Les données de la nouvelle enquête Eurobazooka offrent une radiographie dense et révélatrice de la façon dont les Espagnols perçoivent le nouvel ordre géopolitique après la réélection de Donald Trump.
Entre la crainte du conflit, la méfiance envers les grandes puissances et un fort engagement en faveur de l’autonomie stratégique européenne, se dessine une société en alerte, sceptique et réticente à déléguer sa sécurité à des mains étrangères. Voici une analyse approfondie des dix points les plus significatifs.
Guerre en Ukraine, tarifs : la réaction à l’onde de choc Trump
1 — Le spectre de la guerre réapparaît dans l’imaginaire collectif des Espagnols
55 % des Espagnols considèrent que le risque d’un conflit armé sur le territoire de l’Union dans les années à venir est élevé, indiquant que la guerre a cessé d’être une possibilité lointaine pour s’installer dans la conscience collective. Le débat public tourne de plus en plus autour de la nécessité de renforcer la défense européenne, même dans les secteurs qui étaient auparavant réticents aux dépenses militaires. Cependant, cette inquiétude croissante n’implique pas un consensus clair sur les solutions : elle reflète plutôt la prise de conscience que le contexte international est de plus en plus instable et imprévisible — et que l’Europe doit être prête.
- La conjoncture internationale actuelle — marquée par la guerre en Ukraine, la rhétorique agressive de certaines puissances et la réélection de Trump — a considérablement influencé cette perception. Le niveau élevé d’inquiétude est particulièrement marqué chez les électeurs d’Ahora Repúblicas (88 %) et de Podemos (60 %), partis historiquement pacifistes. En revanche, les électorats du PSOE (54 %) et de Sumar (46 %), partenaires dans la coalition au gouvernement, affichent des niveaux d’inquiétude plus faibles, inférieurs même à ceux du PP (56 %) et de Vox (57 %).

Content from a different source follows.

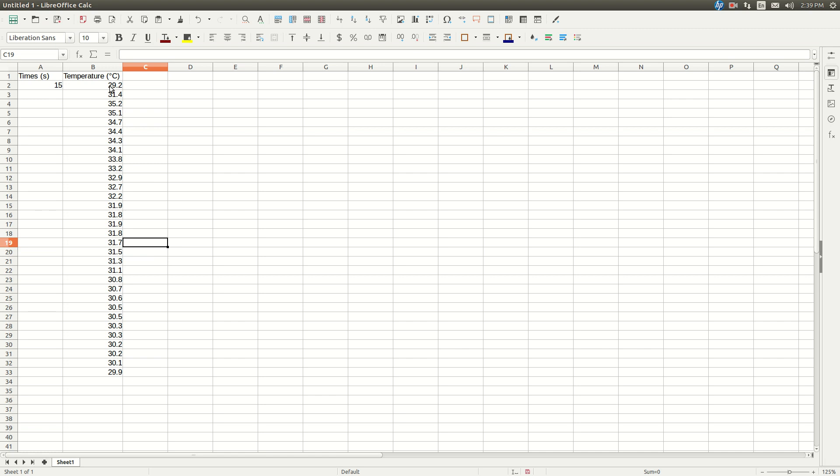So I've just made up some numbers, so these are some temperature numbers that I made up. Now the time, I put the first time, T equals 15. Remember, you don't have any data at T equals zero, so you don't have to graph that. So T equals 15 is my first data point.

- Cette différence au sein du bloc progressiste peut s’expliquer par la place qu’occupent les partis sur la scène institutionnelle. On peut supposer que le niveau d’inquiétude plus faible des électeurs du PSOE et de Sumar pourrait être dû à leur responsabilité actuelle au sein du gouvernement, ce qui se traduit généralement par une plus grande confiance dans la capacité de l’État et des institutions européennes à gérer les crises internationales.
- En revanche, la grande inquiétude des électorats d’Ahora Repúblicas et de Podemos pourrait refléter une plus grande sensibilité à la dérive militariste du contexte international et un manque de confiance structurel envers les réponses des grands blocs géopolitiques.
2 — Trump, suspecté par l’opinion publique espagnole
Donald Trump est perçu comme un facteur de déstabilisation mondiale.
Son style politique, son mépris pour l’OTAN et le multilatéralisme ont érodé la confiance dans les États-Unis en tant qu’alliés. 66 % des Espagnols pensent que sa réélection rend le monde moins sûr, et seulement 5 % le considèrent comme un ami de l’Espagne. En outre, 52 % pensent qu’il fait preuve de tendances autoritaires et 36 % le qualifient directement de dictateur. Sa note moyenne de confiance parmi la population espagnole (2,5/10) le place parmi les dirigeants internationaux les moins bien notés.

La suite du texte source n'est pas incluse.